For the entries that follow, retype exactly the lines from the one containing "kungwin_'s tweet photo. ส่งต่อหนังสือค่ัะ" to the one containing "- แมทฟอ ( อ.สิทธิการ ) 2เล่ม 100฿", inclusive, and only those. Images stay out of the copy.

*** Opening of Data for review ***

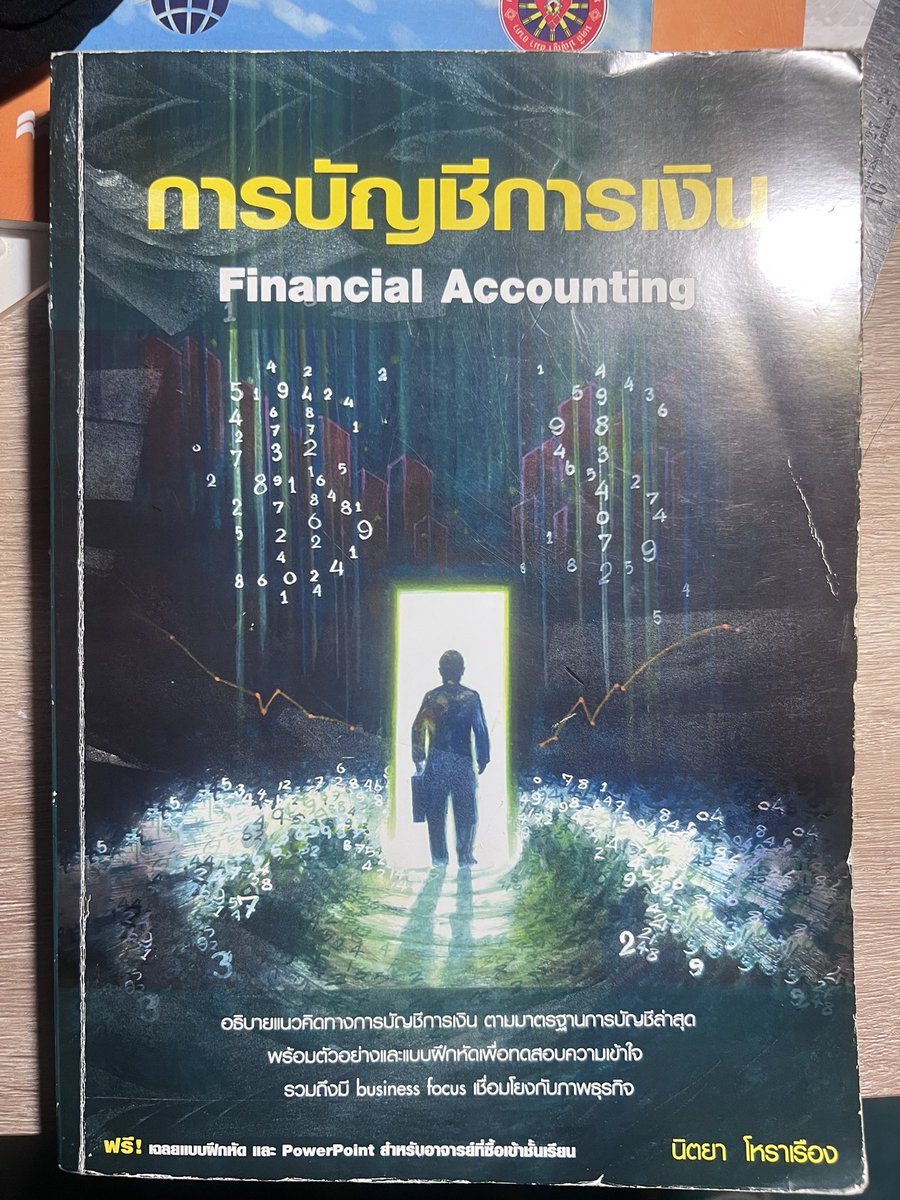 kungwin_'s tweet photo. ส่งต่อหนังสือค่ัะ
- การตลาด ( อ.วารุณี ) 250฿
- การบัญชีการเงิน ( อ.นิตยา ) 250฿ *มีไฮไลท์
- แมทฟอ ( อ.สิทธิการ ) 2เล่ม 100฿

*** Close of Data for review ***
*** Opening of Data for review ***

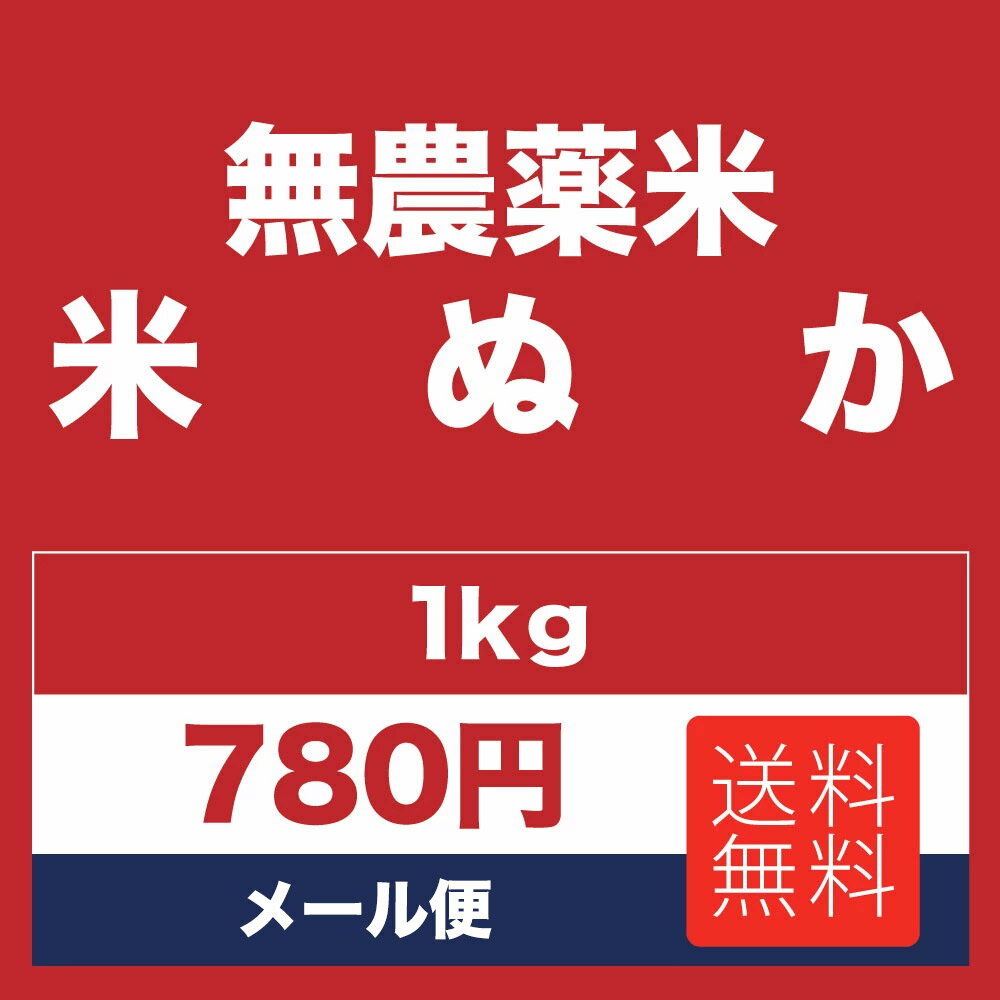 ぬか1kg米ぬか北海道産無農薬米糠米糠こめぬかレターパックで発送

*** Close of Data for review ***
*** Opening of Data for review ***

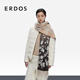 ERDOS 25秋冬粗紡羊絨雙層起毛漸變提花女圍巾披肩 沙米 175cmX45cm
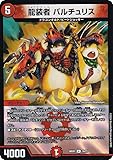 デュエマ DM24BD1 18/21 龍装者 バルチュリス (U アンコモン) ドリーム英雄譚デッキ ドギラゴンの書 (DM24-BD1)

*** Close of Data for review ***

Solution to this task:
 kungwin_'s tweet photo. ส่งต่อหนังสือค่ัะ
- การตลาด ( อ.วารุณี ) 250฿
- การบัญชีการเงิน ( อ.นิตยา ) 250฿ *มีไฮไลท์
- แมทฟอ ( อ.สิทธิการ ) 2เล่ม 100฿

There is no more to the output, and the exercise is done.